Updated: Nov 4, 2023



George Lamming famously observed that it was in the UK that he and other intellectuals of the Windrush generation first “became Caribbean.” It was the place where island peoples found one another and reflected on their shared experiences in the face of an often-harsh reception in their ‘mother country.’


In the 1950s and 1960s, England was the place where artists came together from the newly formed “Commonwealth”. One crucial gathering was the formation of the Caribbean Artists Movement (CAM) in London in 1966. An important moment that influenced events in the 1970s, 1980s and 1990s. Like the Harlem Renaissance that emerged in New York during the 1920s and 1930s, CAM was a diverse collection of writers, critics and artists who were interested in developing a modern Caribbean aesthetic -an aesthetic that explored colonial histories as well as defining a newly formed Black British identity.


The movement was co-founded by Edward Kamau Brathwaite, the Barbadian-born historian and poet who came to Britain to complete a doctorate; Andrew Salkey, the Jamaican-born academic and broadcaster; and the political and cultural activist Trinidadian-born John La Rose.


In 1968, Brathwaite wrote about CAM’s origins, dating them back to a small informal meeting held on 19 December 1966 in his London flat in Mecklenburgh Square: “What was to become the Caribbean Artists Movement (CAM) started in December 1966 in my Bloomsbury basement flat. I had recently arrived from the Caribbean on study leave to Britain, and as a writer myself, wanted, quite naturally, to get in touch with as many Caribbean artists as possible. But where were they? The novelists’ books were being regularly published; at the Commonwealth Arts Festival I had seen work by a few painters, designers and sculptors from the Caribbean; but no one seemed to know how to get in touch with them.”


They were concerned that many Caribbean writers and artists were being marginalised and did not have the opportunity to meet up and discuss their work and interests. And so set out to create a forum to allow creative folks of any ilk to meet informally. As stated by the George Padmore Institute: CAM was inclusive rather than exclusive and essentially open to anyone who wanted to share and understand the needs and aspirations of Caribbean artists.


The membership of CAM ranged from the illustrious titans of Caribbean creativity to new and upcoming artists. These included such eminent figures of the Caribbean arts as novelist, critic and historian C L R James, author of one of the very early West Indian novels, Minty Alley, novelist and poet Wilson Harris, and Pearl Connor, theatrical agent and activist. Among the CAM members representing the visual arts was distinguished sculptor Ronald Moody (younger brother of Dr Harold Moody), painter Aubrey Williams and textile designer, Althea McNish. Less established names at the time comprised the likes of Karl ‘Jerry’ Craig, Art Derry and Clifton Campbell, and younger emerging artists included Paul Dash, Winston Branch, Errol Lloyd, Winston Benn, and performance poet Linton Kwesi Johnson.

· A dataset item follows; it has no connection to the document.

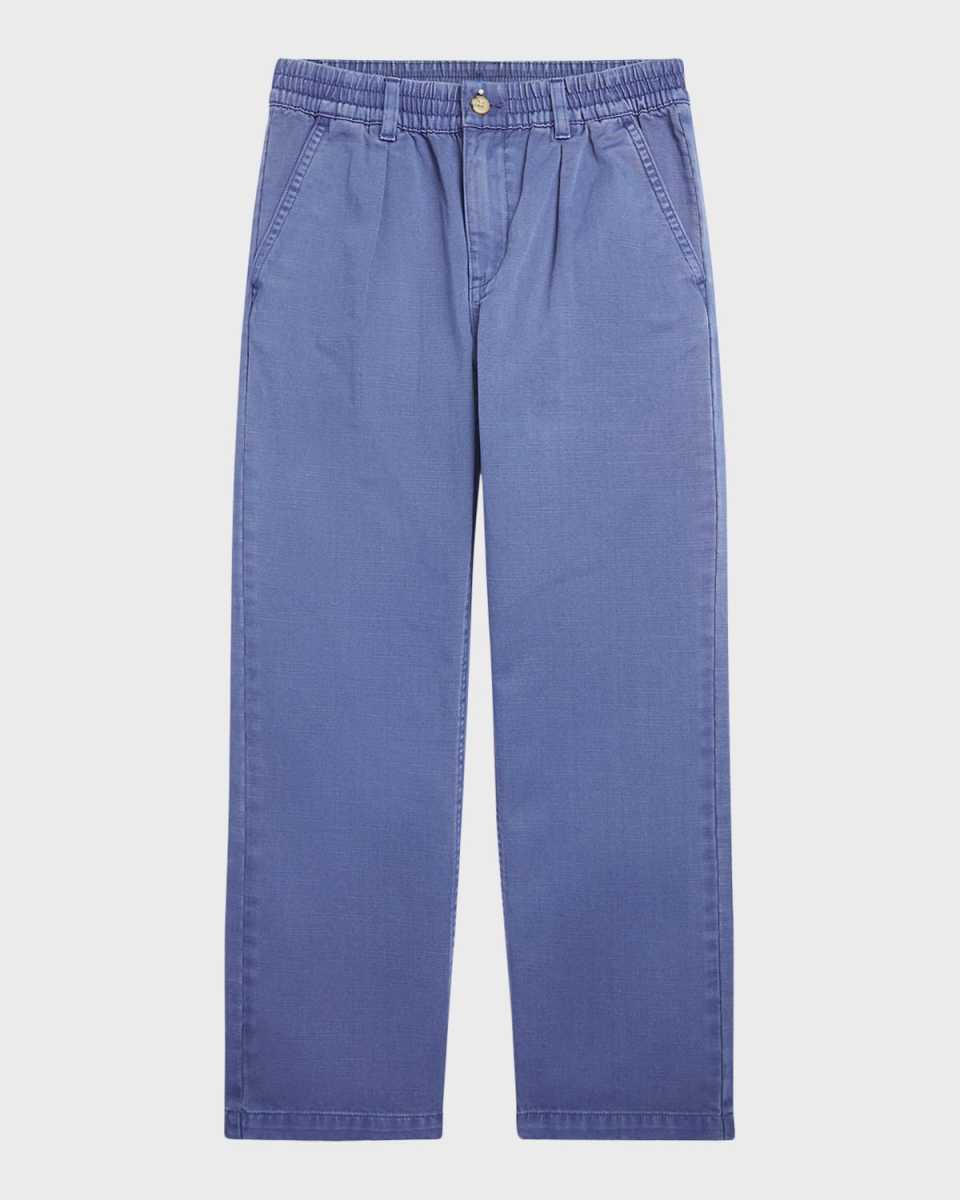 Boy's Cotton Twill Easy Straight-Leg Pants, Size 8-20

In its intense six-year existence, it set the dominant trends in Caribbean arts, at the same time forging a bridge between Caribbean migrants and those who came to be known as Black Britons.


The first CAM conference was held in 1967 in London, and a subsequent conference at the University of Kent in 1969. The work of CAM members was first brought to the British public eye by the BBC in the Caribbean edition of the magazine programme Full House, produced by John La Rose and transmitted on 3 February 1973, in which the work of writers, musicians and film-makers was presented in a studio setting of visual artists' work brought together by CAM member Althea McNish.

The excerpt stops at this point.